Non amavo le fiabe da bambino, figuriamoci adesso che manca poco allo sconto del mercoledì al supermercato. Conoscendo inoltre le penose trafile da affrontare, perfino da cronista, anche soltanto per farsi non dico ricevere ma rispondere al telefono da un assessore minore di un comune di provincia, credo poco alla fiaba che un occulto pifferaio sta zufolando ai docili topolini di tutto il mondo. Ovvero che non ci sia nulla di opaco, per non dire lugubre, dietro alla favola bella, appunto, dei candidi pargoli che, sillabando gli stessi concetti che l’amabile Melina Riccio scrive sui muri, ma con moltissima leggerezza e - soprattutto - profondità di contenuti in meno, assurgono a interlocutori di ONU, Casa Bianca e Vaticano nel tempo che di solito io ci metto, a meno che non si sia sotto elezioni, a farmi rispondere dall’assessore, per sentirmi dire che non ha tempo.

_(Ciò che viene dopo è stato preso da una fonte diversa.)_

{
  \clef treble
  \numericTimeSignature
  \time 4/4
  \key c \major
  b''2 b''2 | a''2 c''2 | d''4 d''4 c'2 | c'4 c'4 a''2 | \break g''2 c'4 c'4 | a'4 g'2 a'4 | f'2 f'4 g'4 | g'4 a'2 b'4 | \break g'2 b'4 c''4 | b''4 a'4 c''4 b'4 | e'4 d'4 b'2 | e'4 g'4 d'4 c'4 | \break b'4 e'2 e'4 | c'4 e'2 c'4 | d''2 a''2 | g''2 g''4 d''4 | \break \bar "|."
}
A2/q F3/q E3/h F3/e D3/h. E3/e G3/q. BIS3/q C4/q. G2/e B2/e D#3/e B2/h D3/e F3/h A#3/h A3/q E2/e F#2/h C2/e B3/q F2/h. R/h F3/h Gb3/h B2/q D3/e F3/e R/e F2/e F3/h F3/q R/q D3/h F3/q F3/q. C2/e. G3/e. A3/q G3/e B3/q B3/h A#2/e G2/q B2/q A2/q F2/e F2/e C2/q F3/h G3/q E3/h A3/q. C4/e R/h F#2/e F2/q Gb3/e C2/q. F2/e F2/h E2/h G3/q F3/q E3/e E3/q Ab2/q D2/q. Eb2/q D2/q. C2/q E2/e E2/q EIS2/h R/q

Da quando è cominciata questa astutissima recita a soggetto, sulle cui origini e fini nessuno dei tanti colleghi del “giornalismo investigativo” internazionale ha mai veramente avviato accertamenti, sempre più gente è convinta che si stia finalmente arrivando alla ricetta che renderà il pianeta più bello, più sano, più sicuro, più felice.

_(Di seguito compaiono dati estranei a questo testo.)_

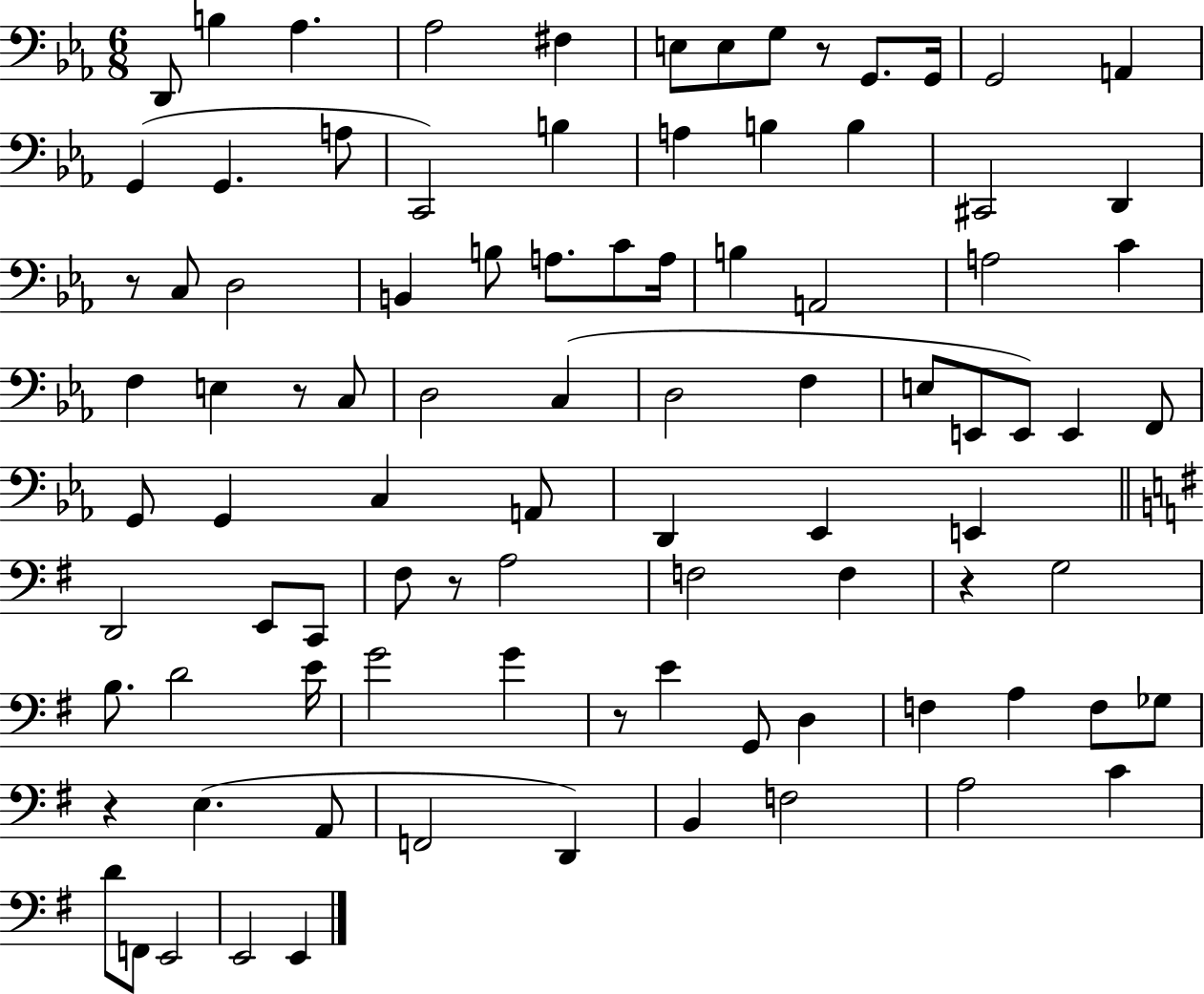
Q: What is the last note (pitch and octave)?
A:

E allora bisognerà pure che Fantozzi si alzi dal fondo del cineforum della Casa del Mutilato di corso Saffi per dire non quella frase là, ma un’altra dello stesso valore liberatorio: la sostenibilità è insostenibile.

Per lo meno, quella “sostenibilità” che sembra il paese dei balocchi di Collodi, dove tutti migliorano la propria condizione e nessuno ci rimette. Invece bisognerà pure che il ragioniere di Villaggio dica che nessun cambiamento è a somma zero, in ogni evoluzione c’è chi vince e c’è chi perde, chi sta meglio e chi peggio.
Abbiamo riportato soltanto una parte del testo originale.